Make (frenetic.netkat.Frenetic_netkat_

Variable-Lattice-Result

This module implements a variant of a binary decision diagrams. Rather than representing boolean-valued functions over boolean variables, this data structure represents functions that take on values in a semi-ring, and whose variables are assigned values from a lattice, i.e., that are partially ordered.

Parameters

Signature

type t = private int

A decision diagram index. All diagrams and subdiagrams within it are given an index. You can convert this to a tree with unget, and from a tree with get.

type v = V.t * L.t

The type of a variable in the decision diagram.

type r = R.t

The type of the result of a decision diagram

type d = private

| Leaf of r

| Branch of {

test : v;

tru : t;

fls : t;

all_fls : t;

}

module Tbl : Core.Hashtbl.S with type Tbl.key = t

module BinTbl : Core.Hashtbl.S with type BinTbl.key = t * t

val get : d ‑> t

val unget : t ‑> d

val get_uid : t ‑> int

val drop : t

drop returns the leaf for a drop operation, which is always present as a leaf node

val id : t

id returns the leaf for the identity operation, which is always present as a leaf node

val const : r ‑> t

const r creates a constant diagram out of r. It's essentially a leaf node with a constant.

val atom : v ‑> r ‑> r ‑> t

atom v t f creates a diagram that checks the variable assignment v holds and returns the result t if it does hold, and the result f otherwise.

val cond : v ‑> t ‑> t ‑> t

cond v t f creates a diagram with pattern v, true-branch t and false-branch f.

val unchecked_cond : v ‑> t ‑> t ‑> t

Unsafe!! unchecked_cond v t f behaves like cond v t f, but always puts the pattern v in the root node, without ensuring the FDD-ordering invariant is enforced. Only use this if you know what you are doing!
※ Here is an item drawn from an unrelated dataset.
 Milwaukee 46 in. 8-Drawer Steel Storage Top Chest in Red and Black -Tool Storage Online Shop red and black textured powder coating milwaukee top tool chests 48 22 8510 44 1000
val restrict : v list ‑> t ‑> t

restrict vs t returns a diagram derived from t and that agrees with t when every variable assignment v in vs is true. This will eliminate the variables in vs from the diagram, if present.

This function assumes that a variable will only appear once in the list of variable assignments. If the list assigns multiple values to a variable, then the behavior is unspecified.

val sum : t ‑> t ‑> t

sum a b returns the disjunction of the two diagrams. The sum operation on the r type is used to combine leaf nodes.

val prod : t ‑> t ‑> t

prod a b returns the conjunction of the two diagrams. The prod operation on the r type is used to combine leaf nodes.

val map : f:(r ‑> t) ‑> g:(v ‑> t ‑> t ‑> t) ‑> t ‑> t

map f h t traverses t in post order and first maps the leaves using f, and then the internal nodes using h, producing a modified diagram.

val dp_map : f:(r ‑> t) ‑> g:(v ‑> t ‑> t ‑> t) ‑> t ‑> find_or_add:(t ‑> default:(unit ‑> t) ‑> t) ‑> t

dp_map f h cache t is equal to map f h t, but uses cache for memoization

val map_r : f:(r ‑> r) ‑> t ‑> t

map_r f t returns a diagram with the same structure but whose leaf nodes have been modified according the function f.

This function can be used as a general form of negation. For example, if the r type were bool, one could implement negation in the following way:

let neg = map_r (fun r -> not r)

val fold : f:(r ‑> 'a) ‑> g:(v ‑> 'a ‑> 'a ‑> 'a) ‑> t ‑> 'a

fold f g t traverses the diagram, replacing leaf nodes with applications of f to the values that they hold, and branches on variables with applications of g.

val equal : t ‑> t ‑> bool

equal a b returns whether or not the two diagrams are structurally equal. If two diagrams are structurally equal, then they represent the same combinatorial object. However, if two diagrams are not equal, they still may represent the same combinatorial object. Whether or not this is the case depends on they behavior of the type v.

val sum : t ‑> t ‑> t

sum a b returns the disjunction of the two diagrams. The sum operation on the r type is used to combine leaf nodes.

val prod : t ‑> t ‑> t

prod a b returns the conjunction of the two diagrams. The prod operation on the r type is used to combine leaf nodes.

val compare : t ‑> t ‑> int

val to_string : t ‑> string

to_string t returns a string representation of the diagram.

val clear_cache : preserve:Core.Int.Set.t ‑> unit

clear_cache () clears the internal cache of diagrams.

val compressed_size : t ‑> int

compressed_size t returns the number of nodes in the diagram, duplicates not counted

val uncompressed_size : t ‑> int

uncompressed_size t returns the number of nodes in the diagram, duplicates counted

val to_dot : t ‑> string

to_dot t returns a string representation of the diagram using the DOT graph description language. The result of this function can be rendered using Graphviz or any other program that supports the DOT language.

val refs : t ‑> Core.Int.Set.t

refs t returns set of subdiagrams in this diagram.